The al fresco section

It was a breezy summer night when I chose a table at the al fresco section of the restaurant, nestled in the Artist Quarter close to the Old City. In fact, I watched the end of the colourful water fountain show on the periphery of the Tower of David just before making it to the restaurant.

Chef Moshe Basson

The owner, Chef Moshe Basson believes in the art of slow cooking and the importance of local herbs to add flavour to food. At The Eucalyptus, he presents a modern take on Biblical cuisine. Armed with fragrant bunches of herbs in his hands, he joined us at our table to offer a glimpse of how the restaurant came about.

Basson was very interested in what people ate during Biblical times and he began researching the dishes, spices and herbs that found a place in the holy text. Basson found that many of them still grew in Jerusalem and Judea’s hills. It was just that people had forgotten about them.

Hot and crispy roasted cauliflower in Har Bracha tahini and lemon tomato cream

I listened to Basson, while tucking into roasted cauliflower, oriental cevice and fire-roasted eggplant with aged pomegranate syrup. The flavours and textures exploded in my mouth even as the mellow spirit of Jerusalem in the evening added an invisible flourish to my meal.

The main restaurant

The main restaurant is housed in an old stone building whose balcony affords spectacular views of the sunset. There, a huge dinner party performed the maqlouba ritual under Basson’s supervision.

Maqlouba is a kind of biryani that’s cooked upside down with layered rice, vegetables and chicken. But before tipping it over, one moves their hands over the tureen seven times, with the dinner party reciting seven Jewish incantations. Then, you make a wish and tip over the maqlouba.
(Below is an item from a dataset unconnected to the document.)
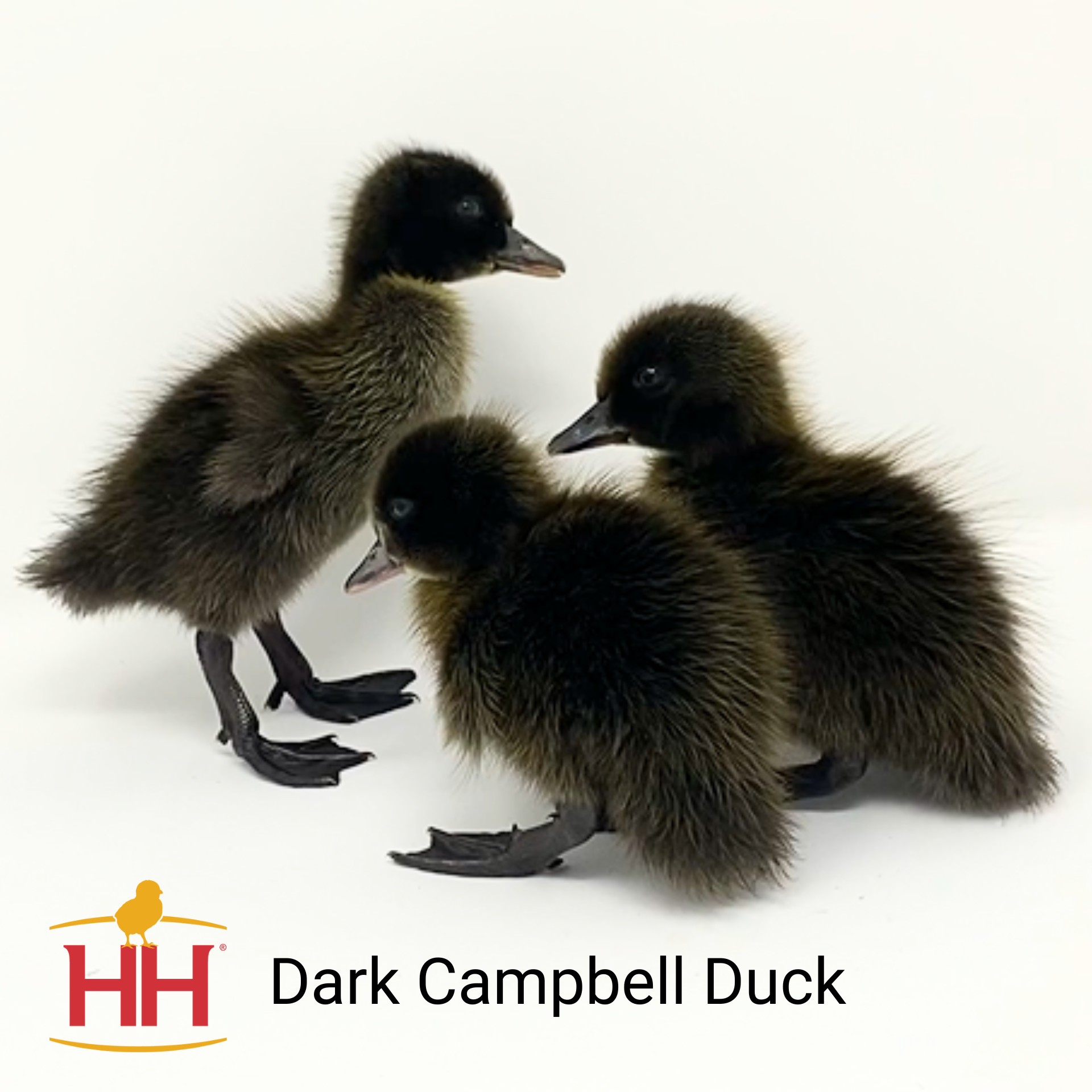 Dark Campbell Ducks- Straight Run | Hoover's Hatchery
If it ends up perfectly on the serving dish, your wish might just come true!

Espresso soup glasses

I was fortunate enough to perform a mini-version of the maqlouba wish-granting ritual at our table, but before that, I made the most of the “espresso soup glasses” that allowed us to sample various delicious soups on the menu. My favourite was the artichoke soup with almond cream.
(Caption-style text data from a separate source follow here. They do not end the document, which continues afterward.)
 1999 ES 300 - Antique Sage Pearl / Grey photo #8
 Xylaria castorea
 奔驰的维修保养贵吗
Local bread with seasonal dips

Speaking about drinks, people did trip on wine even in Biblical times. So we tried an Israeli Cabernet Sauvignon called Teperberg "Vision" 2016 and a Shapiro wheat beer from Beit Shemesh. They went excellently with the wonderful local bread and three kinds of flavourful dips.

Stuffed figs

The mains were a blur of wonderful eggplant and meat steaks and couscous with divine stuffed figs and pate macaroons making up the sweet ending. But the point is, that you need to book a ticket to Jerusalem as soon as possible and fill your tummy with all those Biblical temptations.

Psst..If you go in winter, you could even sign up for a cooking class.

King Solomon Couscous

Address: The Eucalyptus Restaurant Felt alley (between Hativat Yerushalayim 14 and Dror Eliel st.), Jerusalem 9411714

Opening Hours: Mon-Fri and Sun, 5-11pm

Website: http://www.the-eucalyptus.com

For now, make a culinary journey to Israel with Chef Vicky Ratnani and Gil Hovav’s recipe for zalabia, or schug as it is more popularly known in Israel:

1. For the Schug, put coriander, chillies, garlic, salt, pepper and cardamom powder in the grinder and blend it up. Prior warning, Itis quite hot.

2. For the Zalabia, keep your flour mixture of salt, yeast, flour, water and oil ready and rested. Now fry them lightly brown. Enjoy!